What is required: Could you retype exactly the line containing "Monte Pelée Martinica (1902)" and every line after it in the data below, leaving out the pictures?

Material shown:
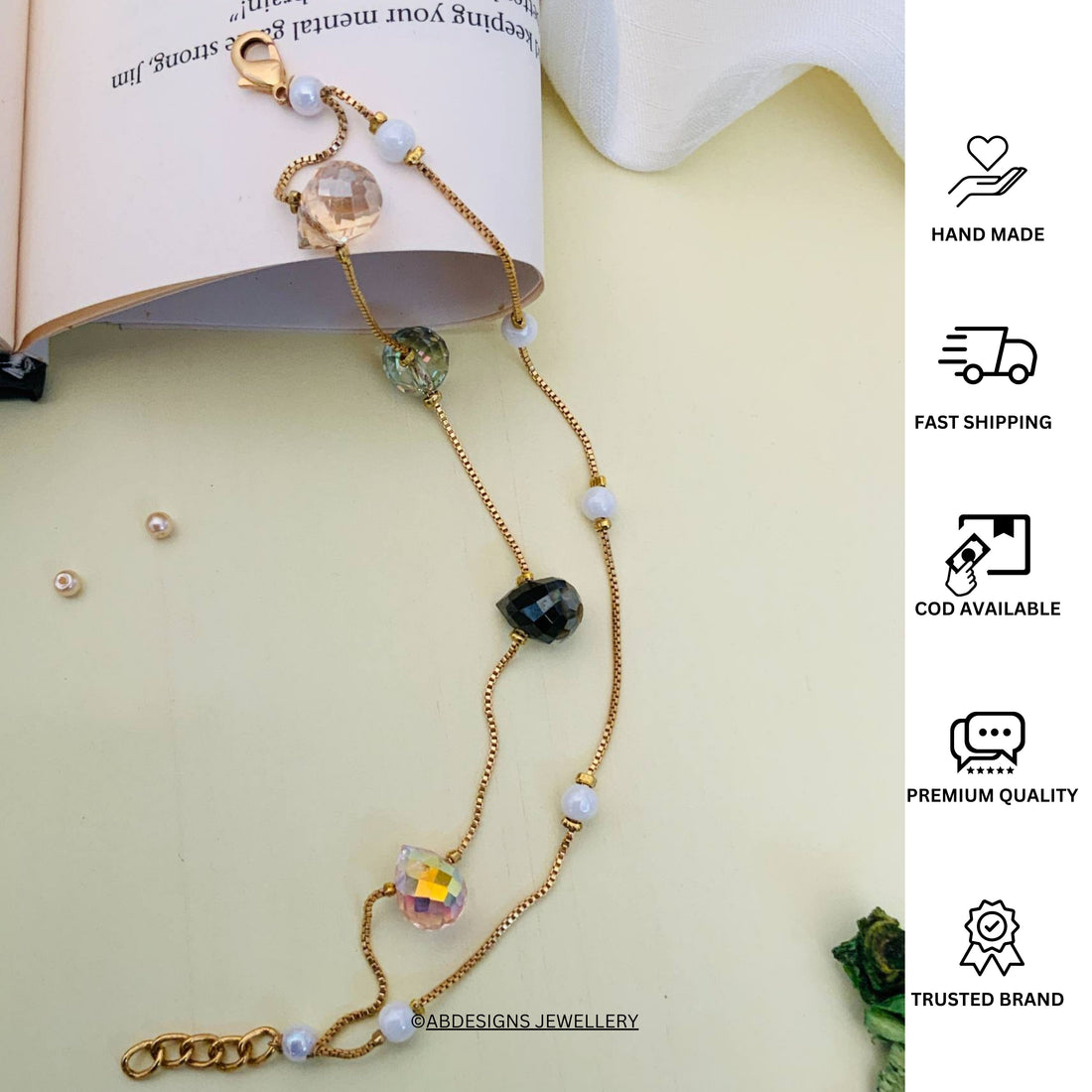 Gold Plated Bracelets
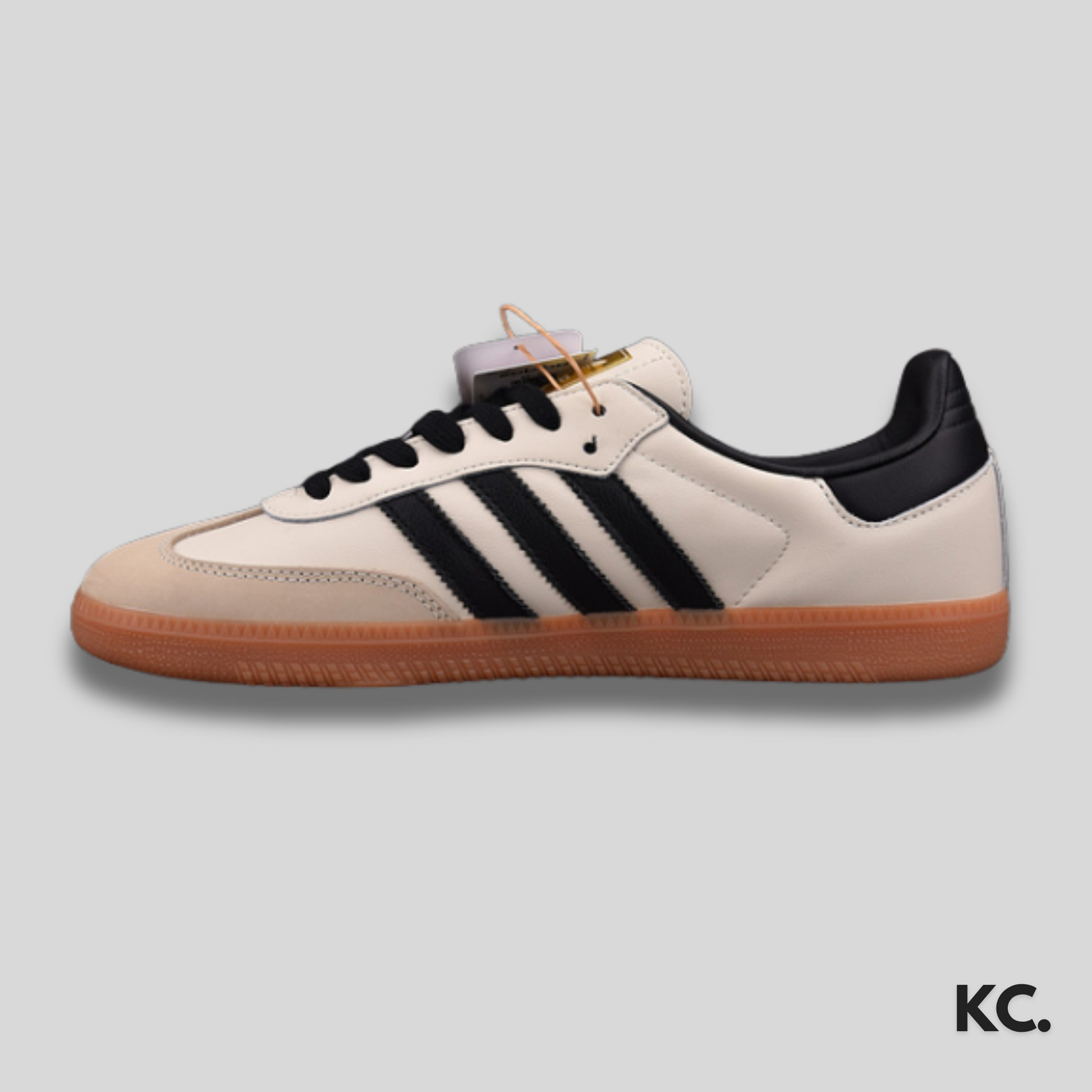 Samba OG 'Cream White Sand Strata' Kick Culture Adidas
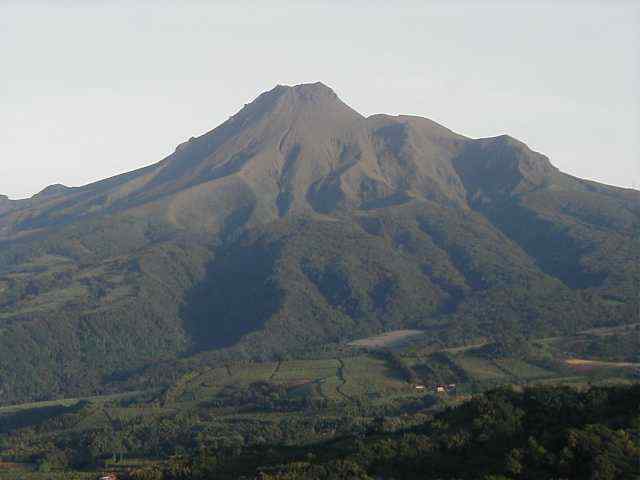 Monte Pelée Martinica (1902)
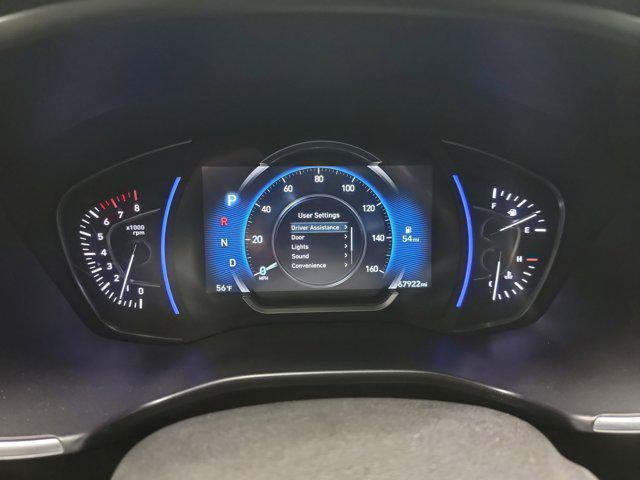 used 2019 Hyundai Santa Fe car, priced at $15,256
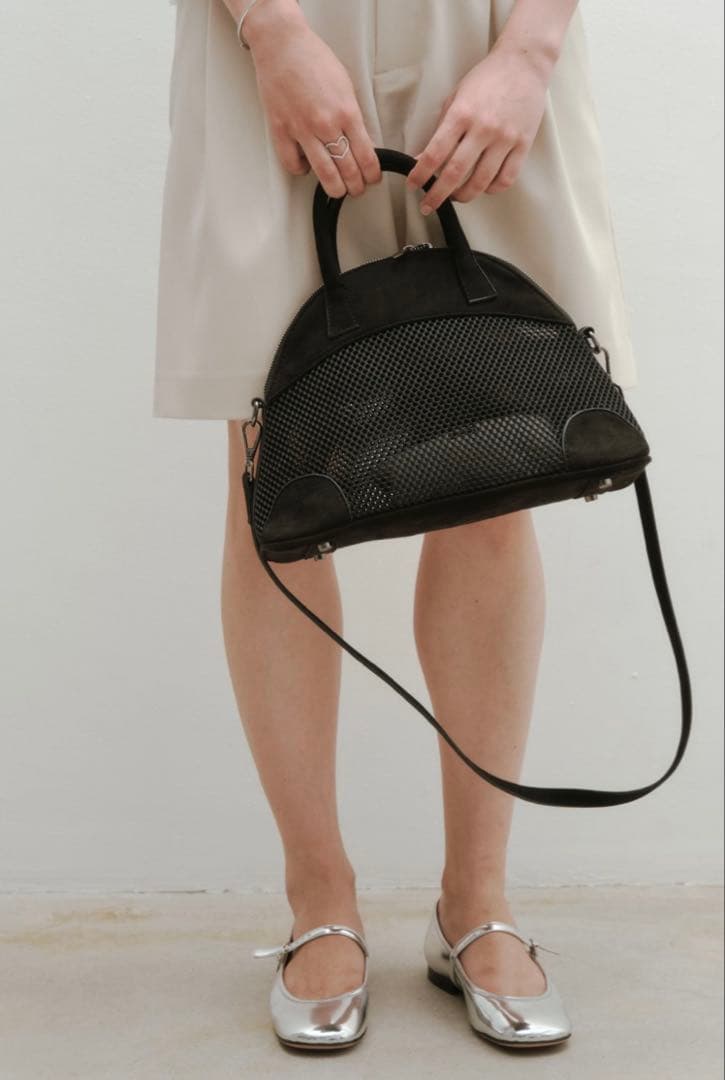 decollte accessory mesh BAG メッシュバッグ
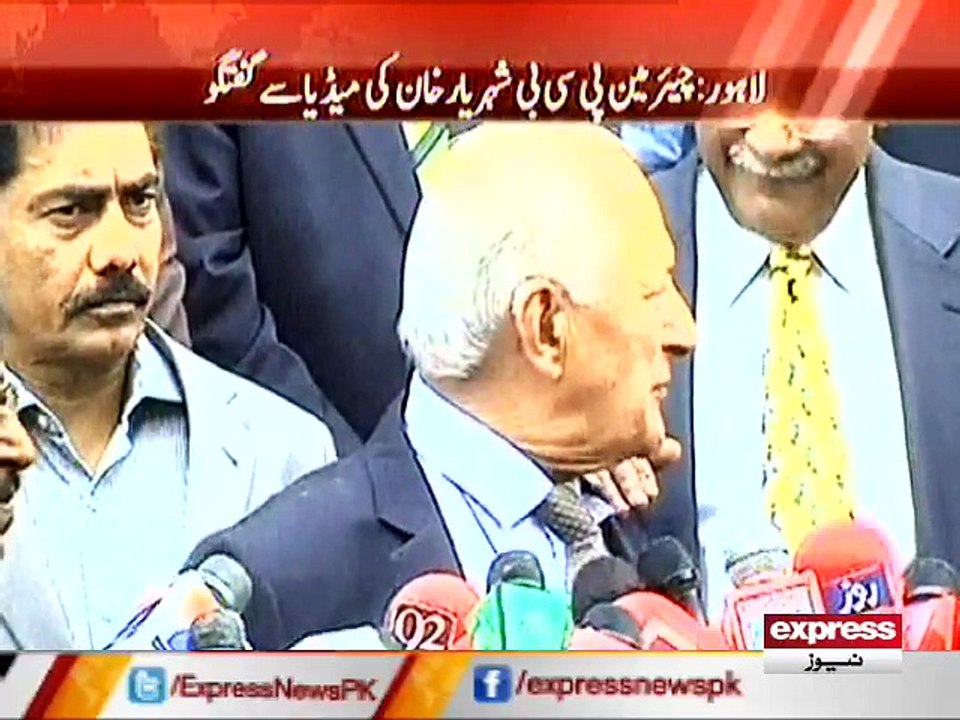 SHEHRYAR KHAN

Exercise solution:
 Monte Pelée Martinica (1902)
 used 2019 Hyundai Santa Fe car, priced at $15,256
 decollte accessory mesh BAG メッシュバッグ
 SHEHRYAR KHAN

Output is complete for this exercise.